Patterns and Best Practices for Building #Low-Latency #Trading Applications
Posted on August 18th, 2015
08/17/2015 @Barclays Capital, 745 7th Ave, NY
Buko Obele, software architect @Neeve Research, spoke about how to build low latency trading systems in #Java.
Buko introduced the topic by noting the competitive importance of getting to a trade submitted to the market first and that in 2010 low latency meant < 10ms, but now to be competitive trades need to be submitted in less than 250 microseconds. This means that the electronic decision to trade needs to be done in less than 90 microseconds.
He then argued that Java is the best language to use in developing trading systems since
- Popular and is updated to the stay in the forefront of computing
- Lots of programmers know Java
- Good for coding business logic
However, special programming practices are needed to successfully use Java in a low-latency trading environment.
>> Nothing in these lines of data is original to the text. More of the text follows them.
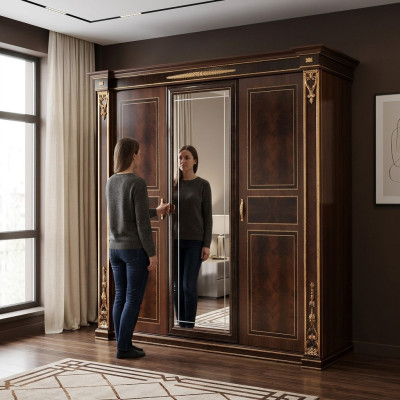 Mobili armadio Design Armadi guardaroba Mobili da camera da letto Arredamento Mobili in legno Nuovi
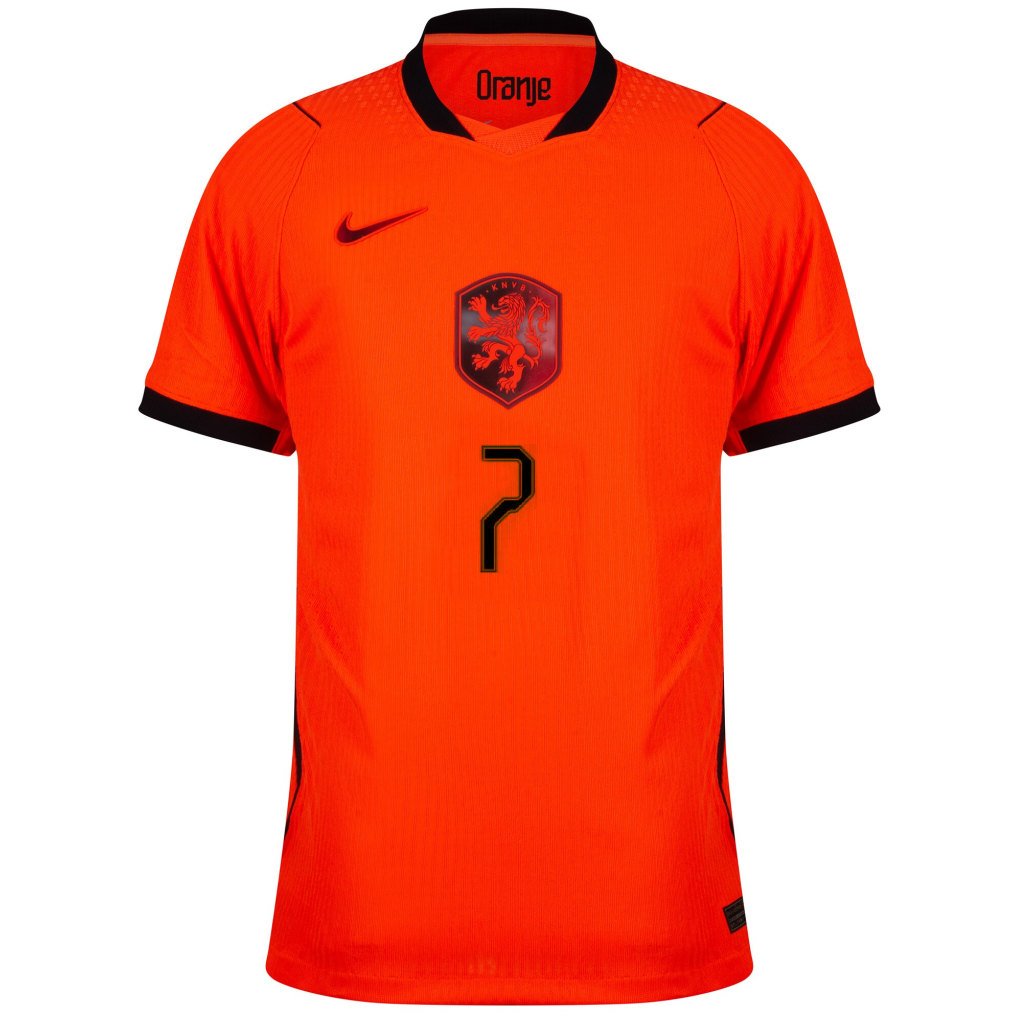 Netherlands 2026 Home Jersey Xavi Simons #7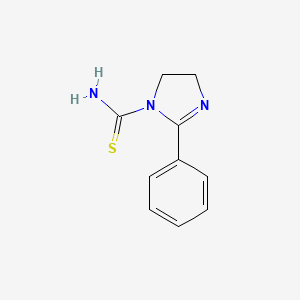 molecular formula C10H11N3S B5781219 2-phenyl-4,5-dihydro-1H-imidazole-1-carbothioamide 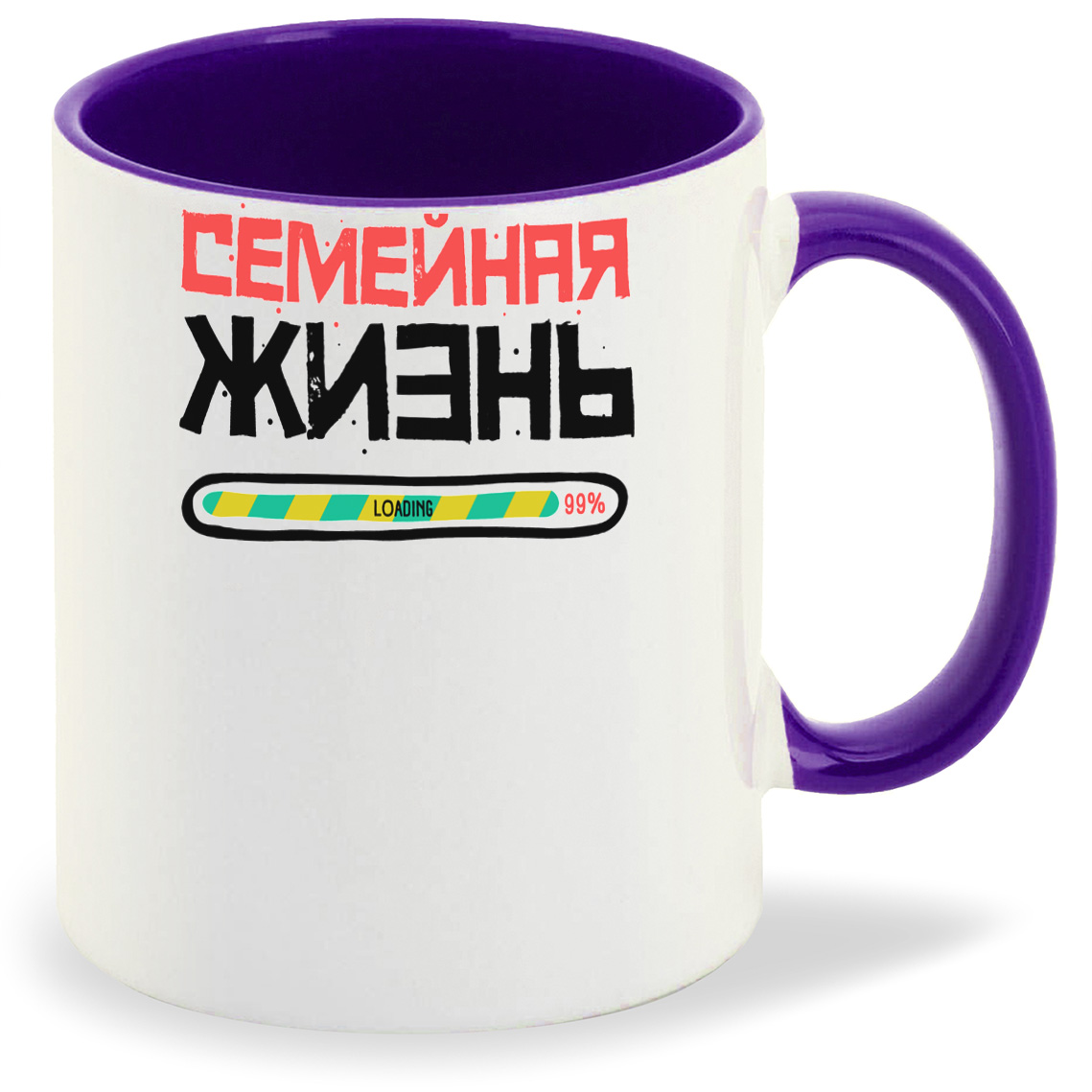 

Кружка CoolPodarok Семейная жизнь, Семейная жизнь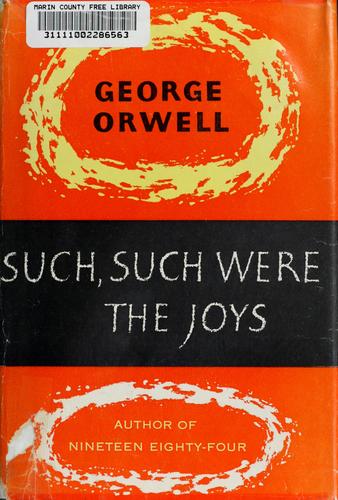 Copertina di Such, Such Were the Joys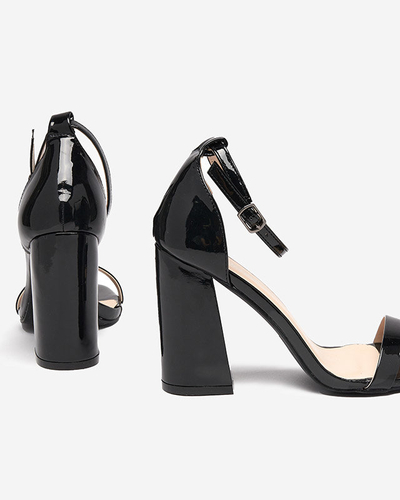 Black women's sandals on the post by Whopso - Footwear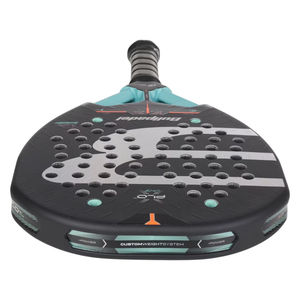 Bullpadel Xplo Comfort 2027, rear view laid flat, showing the CustomWeight System slots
These coding methods consider
- Key metric = Time to First Slice (TTFS). Need to worry about the tails.
- In low latency, need to consider outside the JVM, including the OS, BIOS, Hardware, Network
As a result the Java code may not look like Java code you usually see. To see how the code needs to be written Buko talked about 5 enemies of high performance Java code and then talked about how to surmount these issues through specialized coding methods.
Enemy #1: the Garbage Collector => need to do your own garbage collection.
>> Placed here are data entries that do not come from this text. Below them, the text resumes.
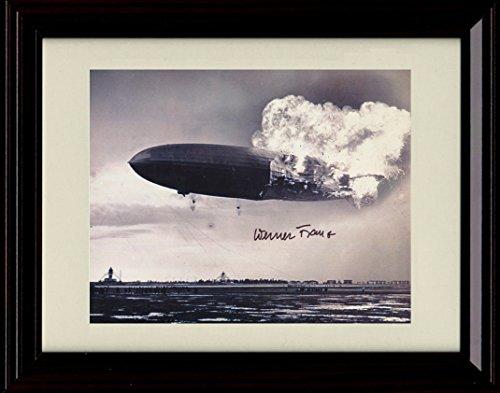 Unframed Hindenburg Autograph Promo Print Unframed Print - History FSP - Unframed   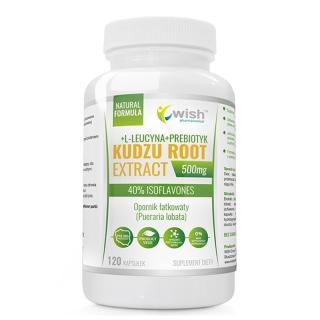 Wish Kudzu Root Extract 500mg 40% isoflavones 120 kapsułek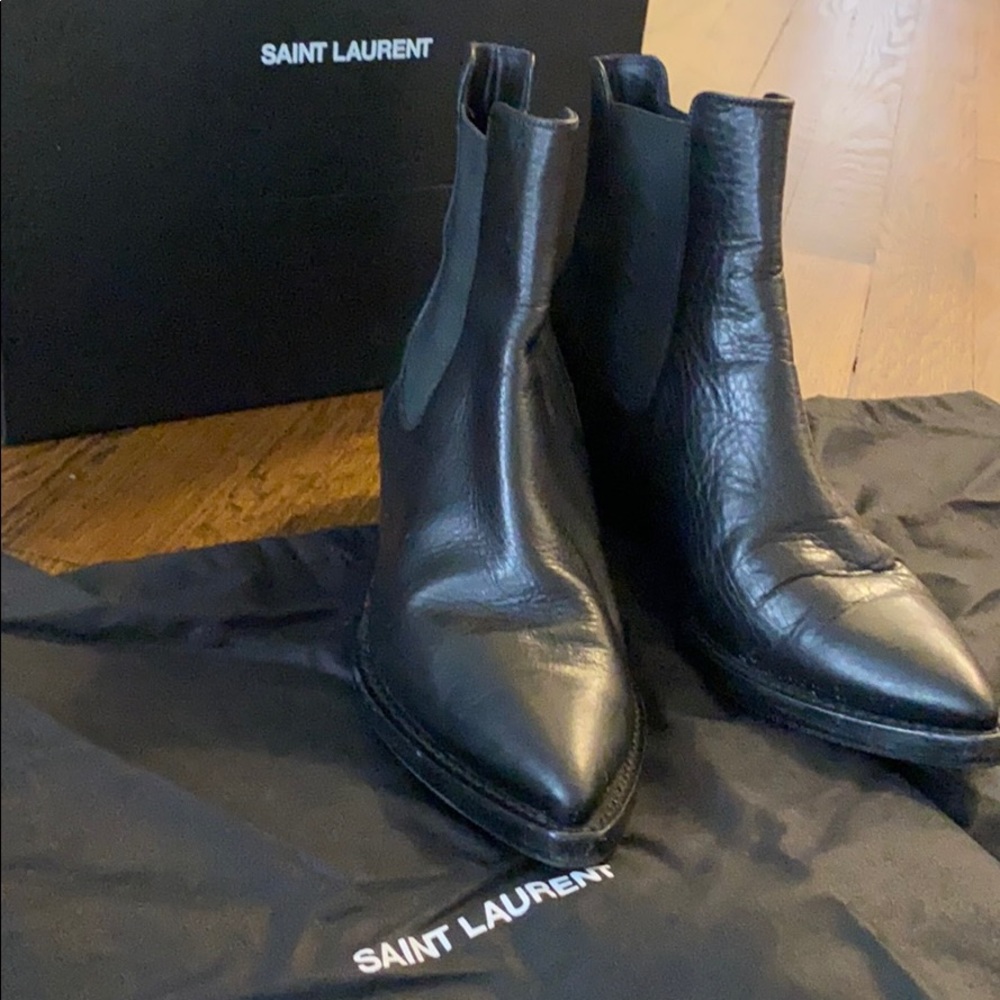 Saint Laurent size 37.5  worn 3 times.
Enemy #2: the language and the library: the following affect performance: strings, bigDecimal, autoboxing, Java Collections (e.g. ArrayList grows, Maps rehash), Exceptions, Advance for-loop (create an Iterator), Java 8 Optional Lambda…
Enemy #3: Threads: threads block/context switch, the scheduler will intervene, difficult to reason about performance when there are many threads
Enemy #4: I/O: L1 Cache at 5ns up to disk at 10ms. Main memory is 100ns. To be fast enough one needs to consider where data are stored
Enemy #5: Layers of abstraction: when data is passed from one layer to another the data are copied. The scheduler de-priortizes our process to give other processes their “fair share”
Buko then spoke about how to conquer these issues
#1 Zero garbage – pool objects, share objects, reuse objects, pass parameters. Pre-allocate everything you need to trade that day (3mm trades/day) => no garbage to collect. Since space is pre-created, there is no need to call constructors during the day.
#2. No strings, no dates, no big decimal, no autoboxing. When they receive strings, copy the message directly into their domain as a stream of bytes. All messages are cached at startup. For money values, treat them as fixed precision numbers.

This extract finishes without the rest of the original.